L’argument est fondamentalement théologique. Car, bien que les distinctions ne soient pas encore clairement et canoniquement déterminées, Henri considère que n’appartient au pouvoir spirituel du pape que ce qui est de droit divin, et que tout ce qui touche à l’insertion temporelle de l’Église, par exemple la nomination des évêques et même du pape est de droit positif, donc de son domaine8. Ainsi, nommer les évêques, qui ne sont pas uniquement des chefs spirituels, mais des chefs locaux possédant des domaines et exerçant une autorité juridique matérielle et politique, nommer le pape qui lui aussi gouverne politiquement des royaumes, cela n’est pas de droit divin, mais relève du temporel. Cette ambiguïté, nous la retrouvons dans la lutte entre Boniface VIII et Philippe Le Bel, qui reprend la théorie des deux glaives pour justifier la levée supplémentaire d’impôts destinés à financer la croisade. On la voit dans les luttes de Jean XXII, qui résiste à Ludovic IV de Bavière, dont l’armée s’est emparée de Milan comme empereur germanique, alors qu’il n’a pas été «consacré» par le pape. Ludovic déclare qu’il agit de plein droit et que le Pape n’a aucun droit à vouloir gérer l’Italie. Ne détient-il pas, lui aussi, son pouvoir de Dieu seul ?

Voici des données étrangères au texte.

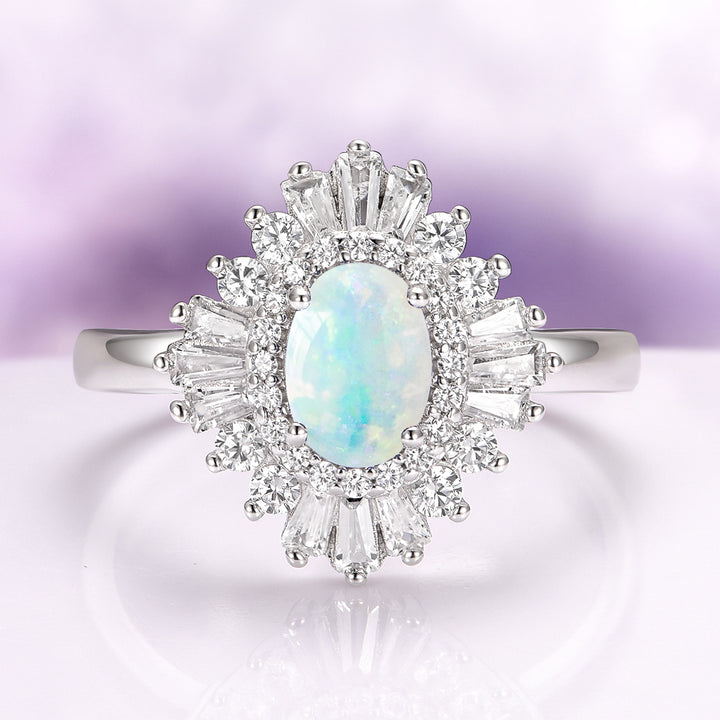 Victoria Natural Australian Opal Art Deco Engagement Ring in 14K White Gold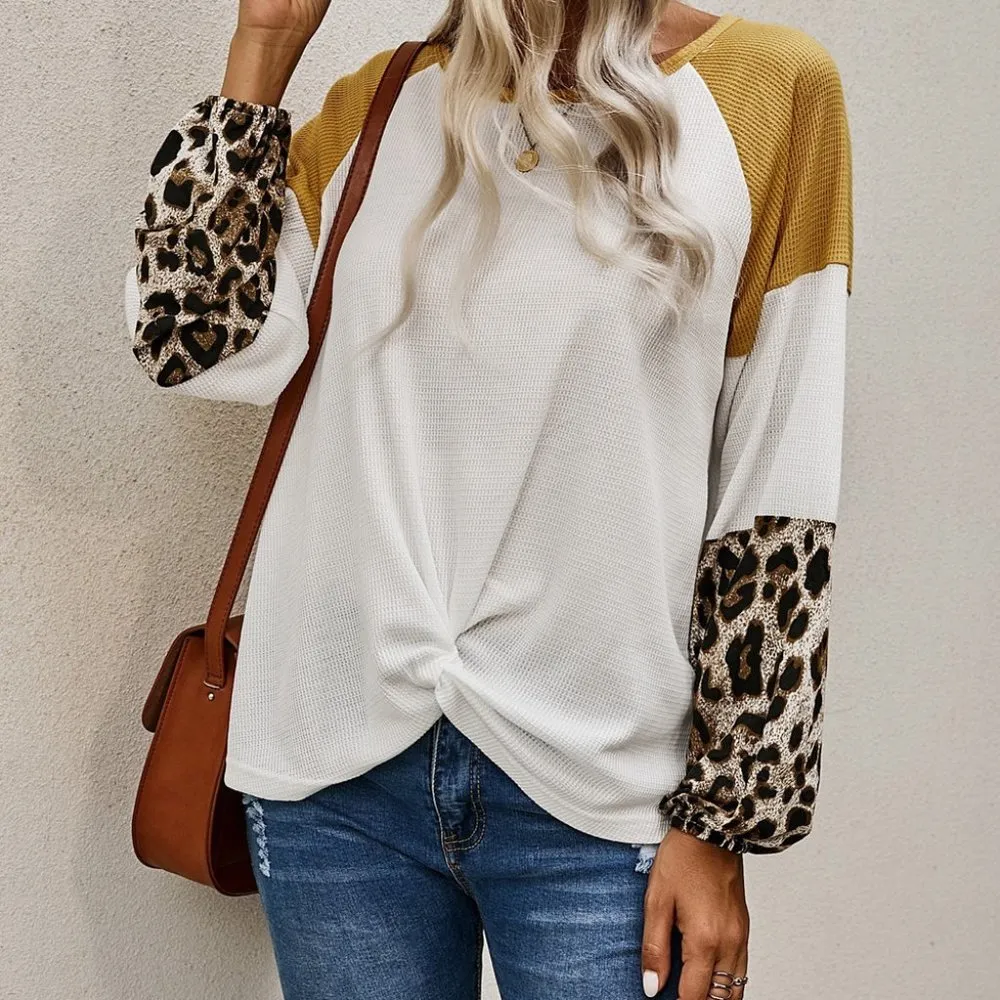 WAFFLE KNIT LEOPARD LONG SLEEVE BLOUSE TWIST KNOT Size undefined - Image 11
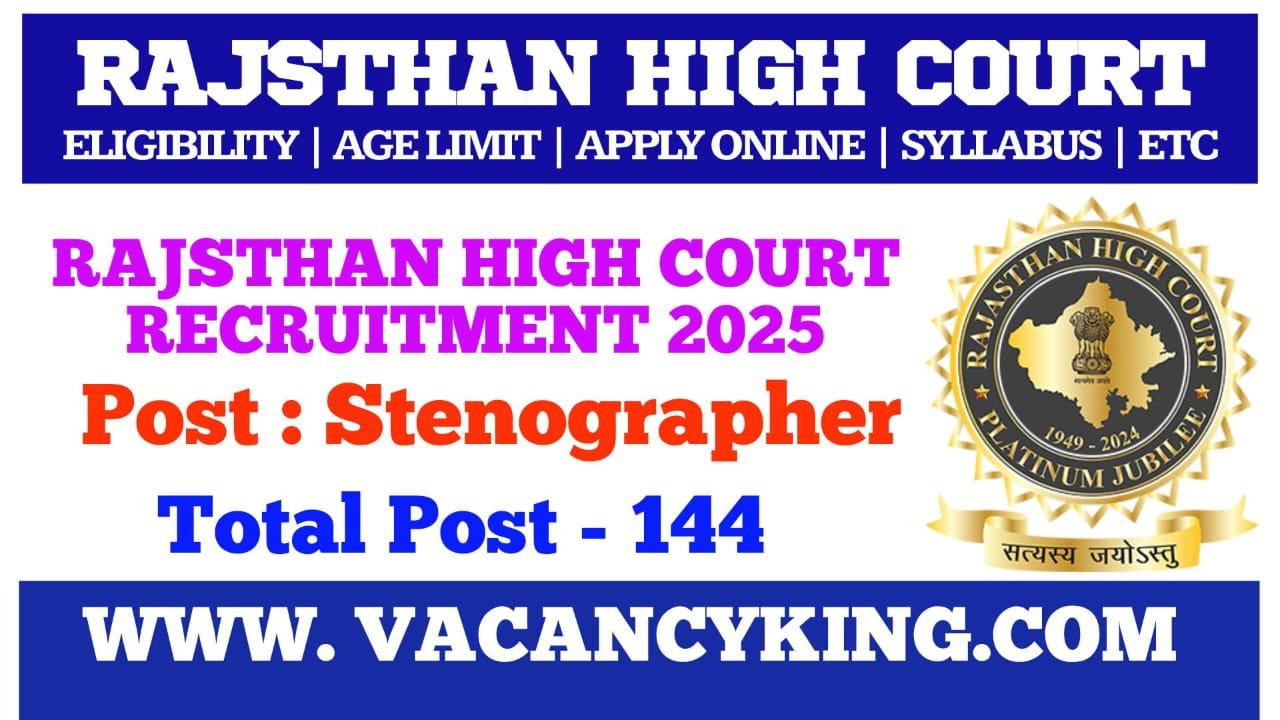 Rajasthan High Court Stenographer Recruitment 2025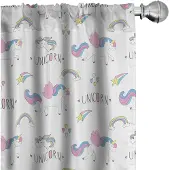 Abakuhaus Kindergordijn Eenhoorn – Veelkleurig, 2x75x175 cm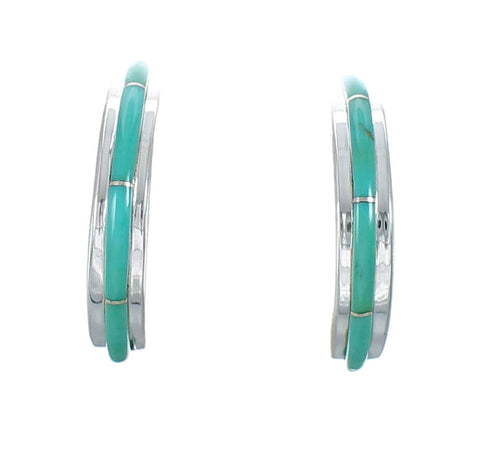Sterling Silver Southwest Turquoise Post Hoop Earrings JX129632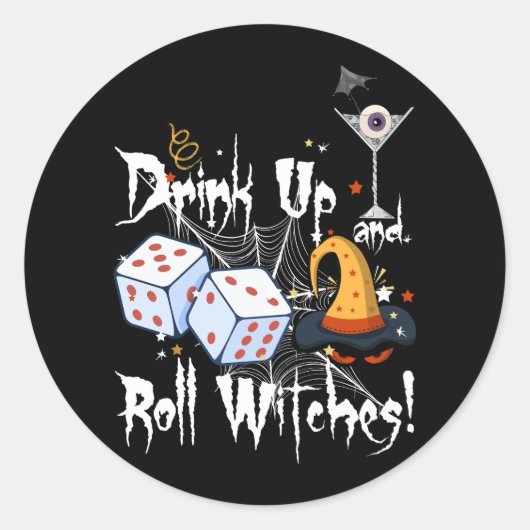 Bunco Dice Halloween Drink Omhoog en Roll Witches Ronde Sticker (Voorkant)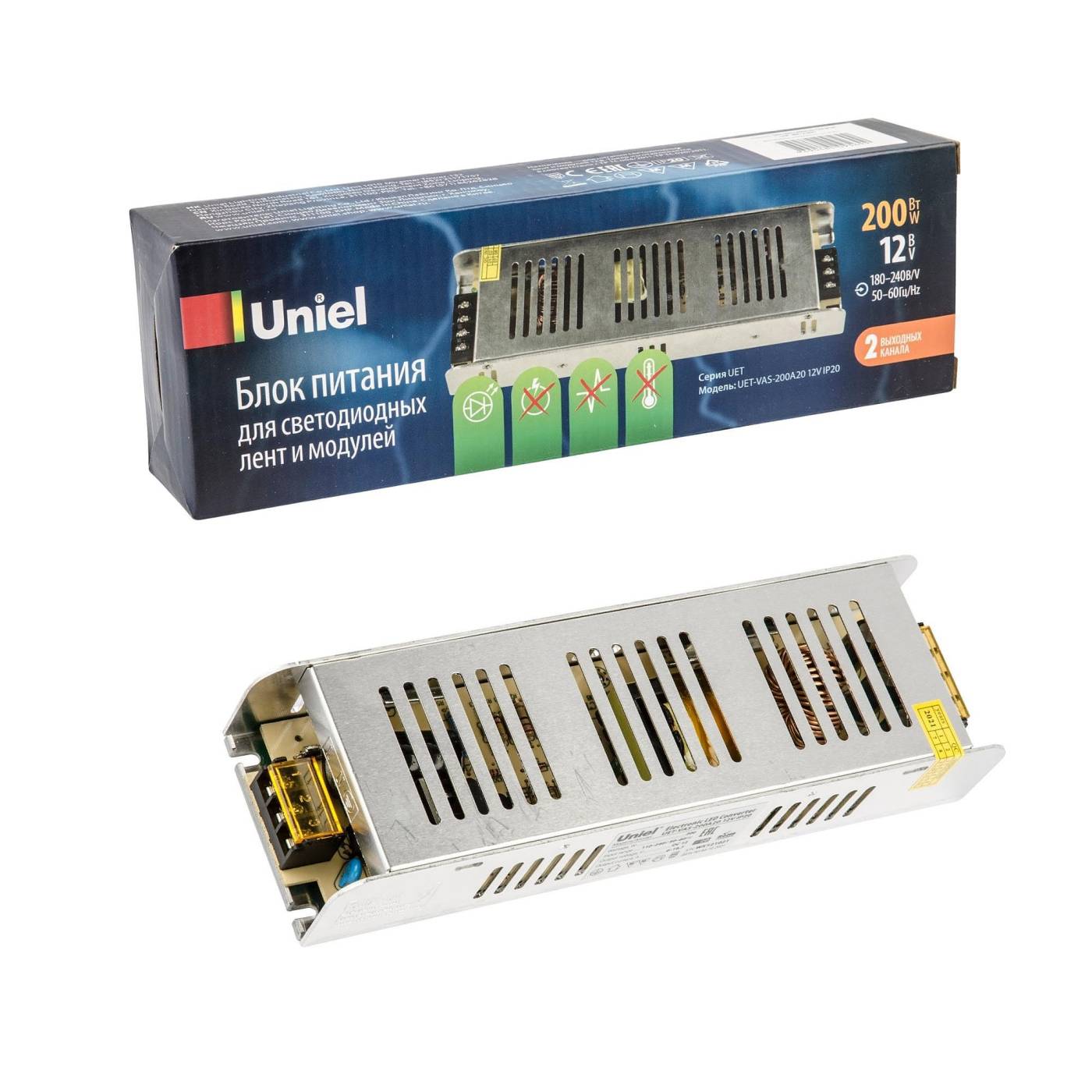 Драйвер для LED ленты Uniel UET-VAS-200A20 12V IP20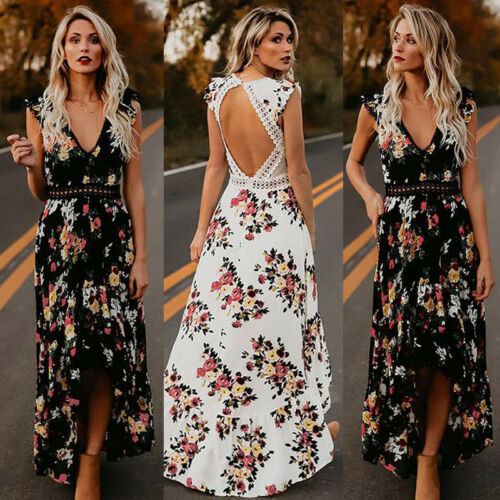 Summer New Women Elegant Vintage Boho Long Maxi Dress Sexy B
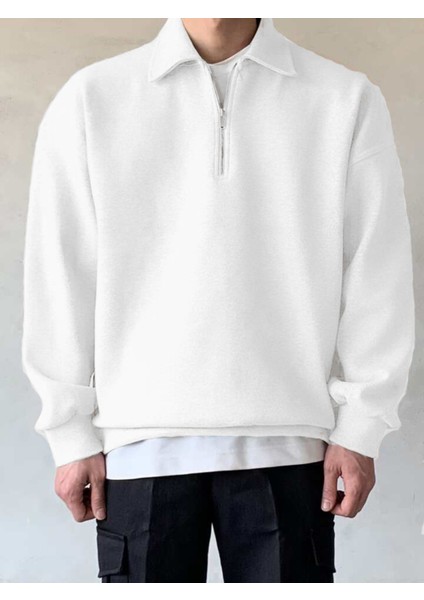 Genius Store Genıus Store erkek Polo Yaka Oversize Sweatshirt Yarım Fermuar Sweatshirt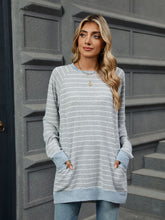 Load image into Gallery viewer, Pocketed Striped Round Neck Long Sleeve T-Shirt (multiple color options)
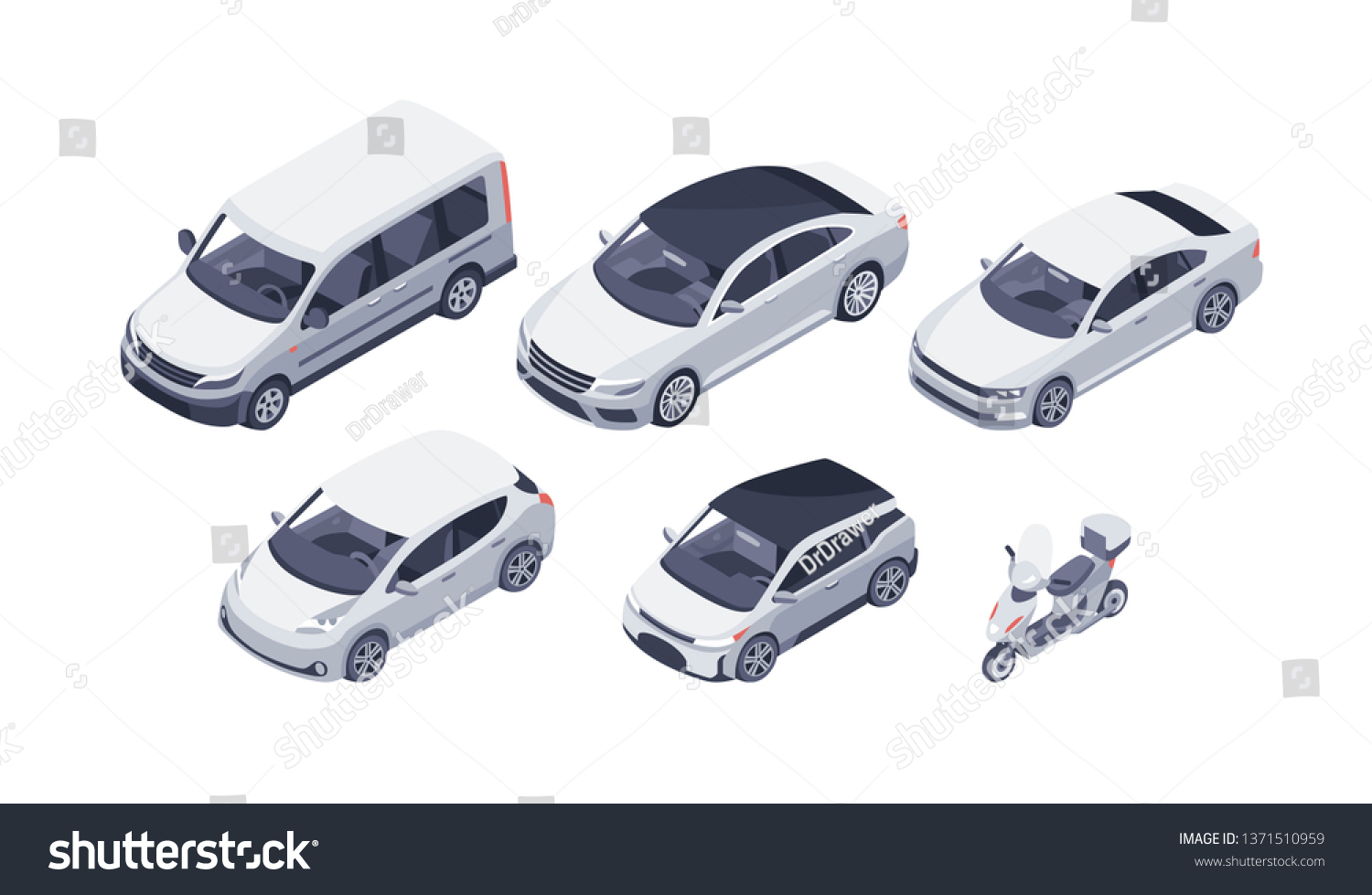 Flat isometric high quality vector modern design cars. Sedan, van, electric car and scooter. For infographics, commercial, web and game design #1371510959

2. Une science universelle : la canonique

La société romaine avait ses lois ; la société chrétienne n’a pas de lois qui lui soient propres. En 529, sous le règne de l’empereur byzantin Justinien, paraît le Corpus juris civilis, qui recouvre le triple domaine du droit romain législatif, doctrinal et pédagogique. C’est une tentative pour Constantinople de reprendre la main sur l’Occident. En codifiant les principes législatifs du droit romain, le Code justinien donnait à l’Occident une structure sociétale qui lui permettait de s’organiser dans son nouveau mode de vivre avec les «barbares». Mais cette société s’est muée en société chrétienne. Elle est non seulement conduite par un lointain empereur, mais par un patrice, qui est souvent l’évêque de Rome – le pape. Ces papes statuent sur ce que l’on appellera la «norma recte vivendi» (la norme d’une vie droite). Il le font par des décrets, des correspondances (les décrétales), des règles, des sanctions, des constitutions, des conciles. Cela finit par constituer un assemblage de textes qui, dans leur totalité, montrent la droite façon de vivre et ce qui est son contraire, la mauvaise façon. Ce sont des dicta papae, c’est-à-dire des normes – canons – qui disent non seulement comment bien vivre dans une société chrétienne, mais qui le disent avec l’autorité du pape, en tant que Principatus. On y trouve non seulement ce qui concerne une vie civile, mais aussi tout ce qui concerne une vie religieuse : les normes de l’usage de la vie sacramentelle, de la liturgie des heures et des mœurs des diverses formes de vie.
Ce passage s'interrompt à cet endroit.